MONTREAL -- Those insured by Desjardins could recover all of the premiums collected for loan, life and disability insurance automatically included in the repayment of their student loans.

The financial institution and Option consommateurs have reached a settlement in a class action suit, which would reimburse $9.5 million.

The consumer rights association criticized Desjardins for having imposed insurance on students who had started paying their loans, but without having negotiated a repayment agreement with them within six months of completing their studies.

"It is important to ensure the consent of the people concerned before making them pay for insurance," said Option consommateurs lawyer Sylvie De Bellefeuille.

The agreement between Desjardins and Option consommateurs must be approved by the court on May 13. If the settlement gets the green light, people who paid insurance premiums between Au. 2, 2014 and March 31, 2021 will be reimbursed.

"On the one hand, members will receive 100 per cent of what they paid.
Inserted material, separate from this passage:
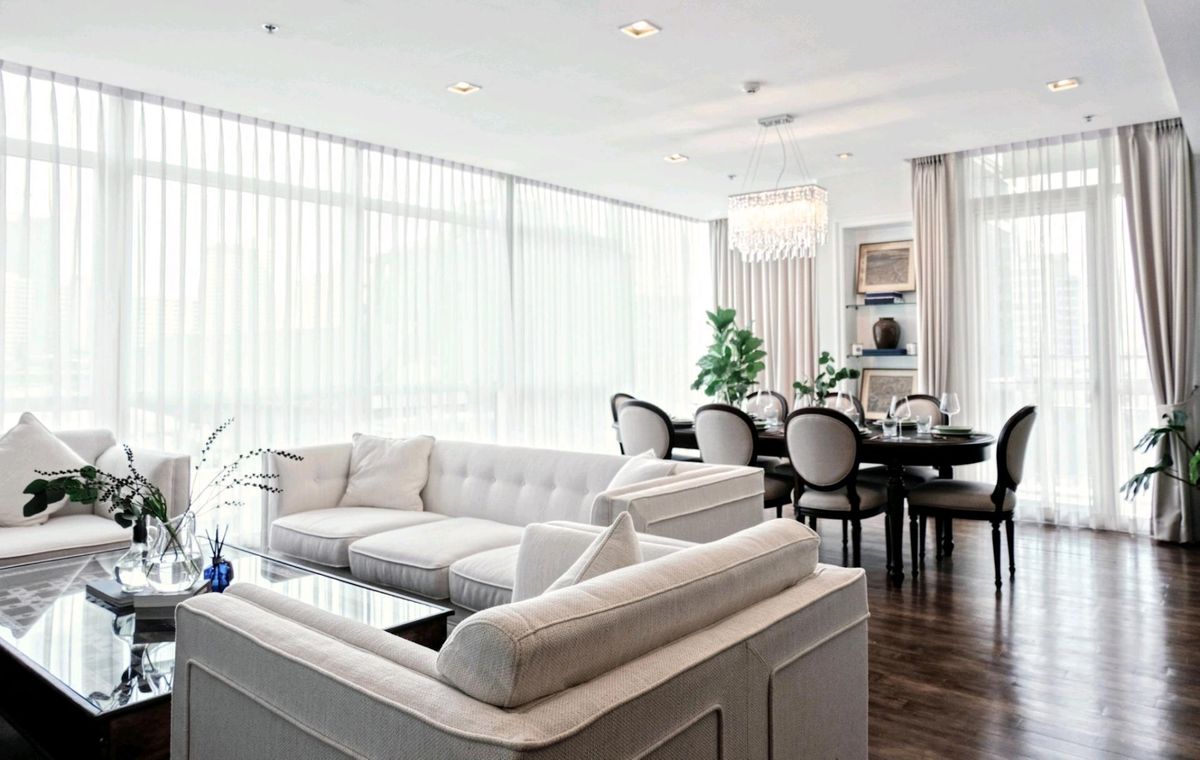 For RentCondoWitthayu, Chidlom, Langsuan, Ploenchit : 📌For RENT เช่า | Athenee Residence - 4BR (224 sqm) 250,000 THB/month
The other thing is that for most people, they won't have to take any steps to get reimbursed. It's difficult to have better regulations," said De Bellefeuille.
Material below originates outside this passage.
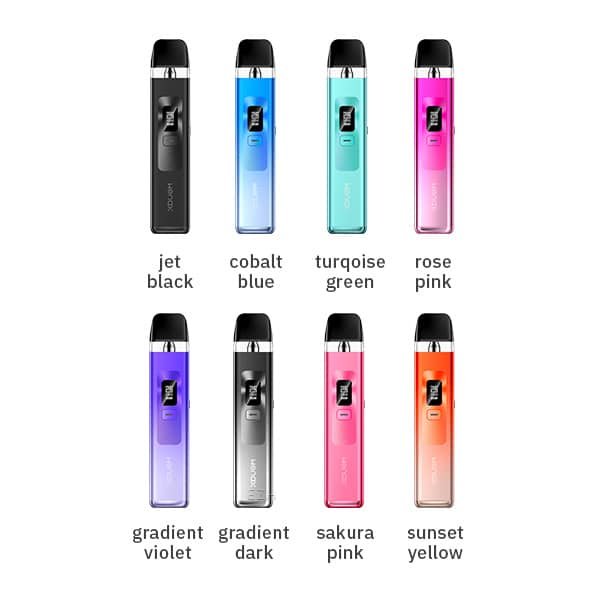 Geekvape Wenax Q Pod Kit Farbauswahl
Desjardins members will receive the compensation directly in their account. For ex-clients, a check will be mailed to them.
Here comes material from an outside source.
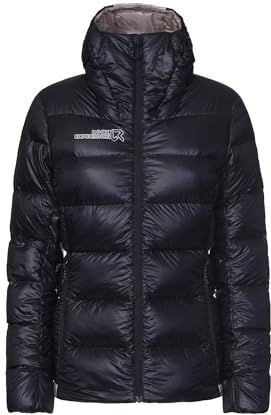 Crack Baby - 2.0 - Donsjas - Zwart - Gerecycled Nylon - RDS Gecertificeerd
However, this agreement does not automatically cancel the insurance, said De Bellefeuille.

These people must have taken out a student loan guaranteed by the Quebec government with a Desjardins caisse.

In addition, Desjardins must have sent a repayment agreement, the terms of which were not changed before the first payment and which took effect after Aug. 2, 2014, Option consommateurs said in a news release.

In 2017, Desjardins Securite Financiere reached an agreement with the Autorite des marches financiers that imposed a penalty of $1 million for this practice. However, no compensation was offered to the insured at that time.